Don Byron - Do the Boomerang (Blue Note, 2006)
Clarinetist and saxophonist Don Byron's eccentricity is well known in the jazz community as he has recorded tributes to musicians of different genres like klezmer artist Mickey Katz and jazz legends Lester Young and Duke Ellington. Add to that list R&B saxophonist Junior Walker, who was active in the Motown scene in the 1960's and 70's. On this album, Byron appropriately concentrates on tenor saxophone and is joined by David Gilmore on guitar, George Colligan on organ, Brad Jones on bass, Rodney Holmes on drums, Curtis Fowlkes trombone and Dean Bowman and Chris Thomas King on vocals. The music on this CD recalls the glory days of rhythm and blues, keeping the songs short and solos to the point. The band works well as a team, with solos being spread generously amongst group members.

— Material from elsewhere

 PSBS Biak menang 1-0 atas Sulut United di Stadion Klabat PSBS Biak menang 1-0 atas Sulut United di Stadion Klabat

"Mark Anthony Speaks" has some great soul-jazz guitar from Gilmore and greasy Jimmy Smith style organ, and the uproarious "Shotgun" has some bootin' tenor saxophone and very cool funky vocals, as does "Pucker Up, Buttercup" which covers the poppy end of the Walker spectrum with swirling organ and swinging vocals. "There It Is" is a little out of place, being a James Brown cover, Brown and Walker were both pillars of soul music, but their approaches were quite different. While the focus is primarily on uptempo numbers, "What Does It Take" does slow things a little bit to a slow simmering pace, and "Satan's Blues" is a slow, grinding number that gets down and dirty. While I'd really like to hear more original music from Byron and fewer tributes, there's no denying that this disc is a lot of fun and fans of soul-jazz and old-school R&B should enjoy it. The cover art is really cool too, I wish this was available on vinyl...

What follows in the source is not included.